Take-home Exercise03

Uncover the Patterns of the Resale Prices

Author

Luo Zheng

Published

February 26, 2023

1. Overview

1.1 Introduction

In this take-home exercise, the patterns of the resale prices of public housing property in Singapore will be revealed by using static and interactive visualization techniques.

The study mainly focuses on 3-ROOM, 4-ROOM, and 5-ROOM types to discover Singapore’s resale property market in 2022. In the homework, the following questions will be addressed:

  1. What are the general features of the resale property in 2022?

  2. How do different factors influence the price of the resale property?
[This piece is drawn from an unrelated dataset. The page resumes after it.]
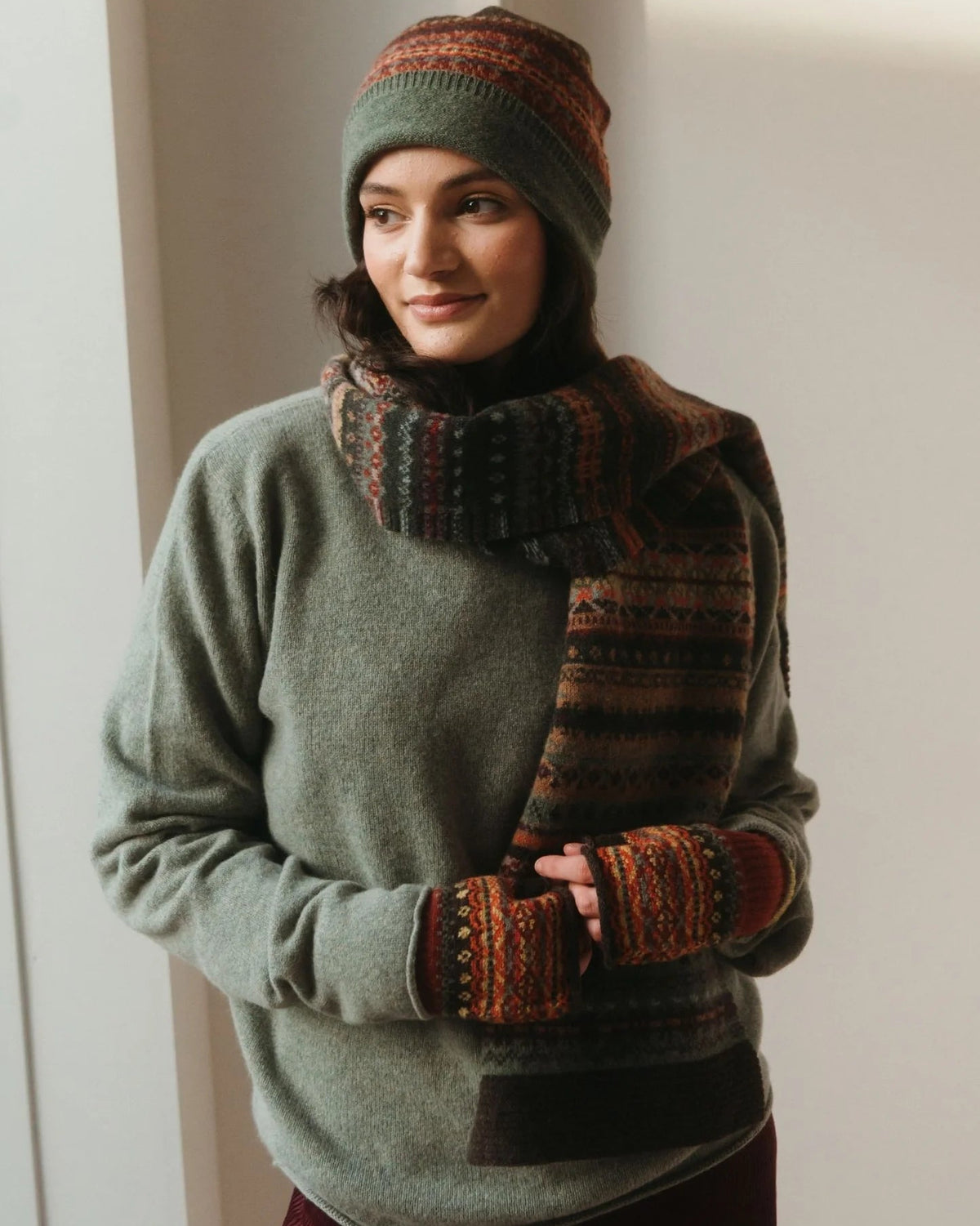 Eribe Fairisle Scarf S4422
  3. How can we categorize the existing resale properties in Singapore in 2022?

1.2 Methodology

The study first tests the normality of the main indicators to see if any of the factors are directly related to price. Then exploratory data analysis is adopted to uncover the general features of the resale property market in Singapore. Lastly, correlation analysis is introduced to find how different factors influence the resale prices and how to categorize the large pool of properties to give suggestions on property purchasing.

2. Data Preparation

2.1 Install and Load Packages

Use paccman:: to install required R packages and load them onto RStudio environment.

pacman::p_load(tidyverse, patchwork, ggthemes, hrbrthemes, ggrepel, ggiraph, ggstatsplot, PMCMRplus, performance, parameters, see, plotly, factoextra)

2.2 Import Datasets

The raw dataset is imported using read_csv( ) and named as “resale”. The following code chunk is used to have an overview of the datasets.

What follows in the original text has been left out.